I am not writing this to provoke tears, to dwell in suffering, or, God forbid, to judge anyone. There is no right or wrong path—there is only the path we choose ourselves. And we always choose from what already exists within us: from our experience, knowledge, faith, fears, and deep-rooted beliefs.

This is not a psychological treatise and not a spiritual sermon. I am not even a writer. I am simply a person who found herself on the other side of loss and spent a long time searching for something to hold on to in order not to drown in pain. That is why I will try to express my thoughts and feelings simply and briefly.

I will write about how, over the course of two years, I tried to cope with grief—about what truly helped me.
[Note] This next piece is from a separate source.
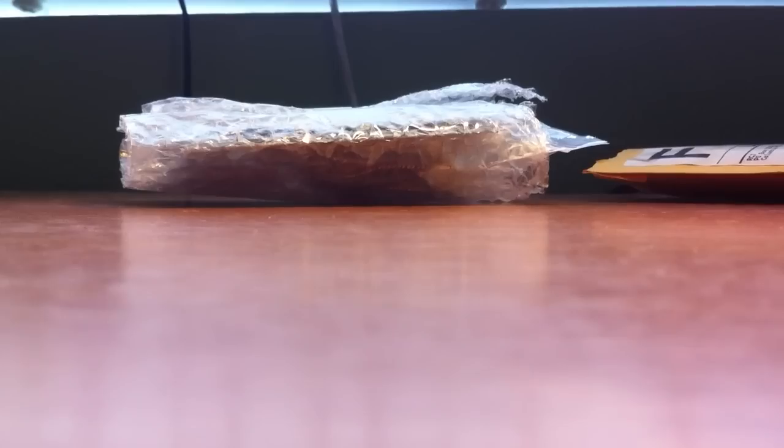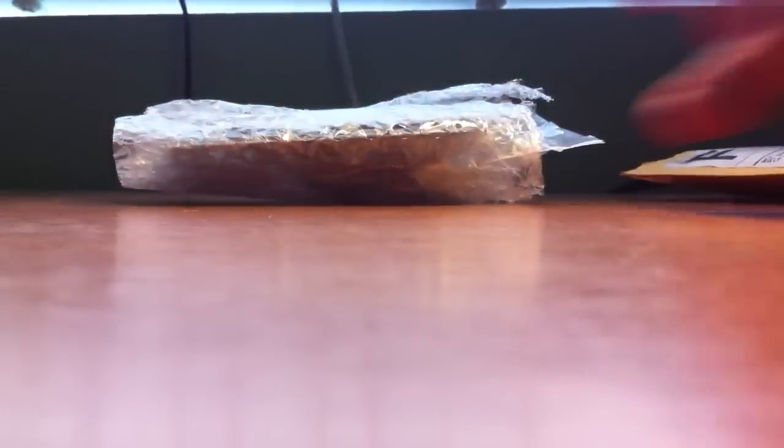Hey YouTube, I just ordered my stuff from Hip Hop Bleen. This is what it came in. Really fast shipping, it only took like two business days.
About the role that studying the psychology of the subconscious and metaphysics played on this path, and about how my perception of the world, of people, and of life itself gradually changed.

I will be sincerely glad if my thoughts help someone pause, look deeper within themselves, view life and death differently, and perhaps take the first step out of a state of inner emptiness, confusion, and loneliness.

How Not to Lose Your Mind

Sooner or later, the day will come when each of us encounters the subject of death in our own life. I dare to say that there will not be a single person who remains indifferent to it. Even if someone appears calm on the outside, inwardly this experience always leaves a deep mark.

Volumes have been written about what death is, how people imagine it and how they come to accept it, and there is no sense in retelling all of that here. Yet behind all these theories, the living human being is often lost—with their fear, their pain, and their unanswered questions. Almost everyone is afraid of death: it always comes at the wrong time, and we are never truly prepared for it. …………………..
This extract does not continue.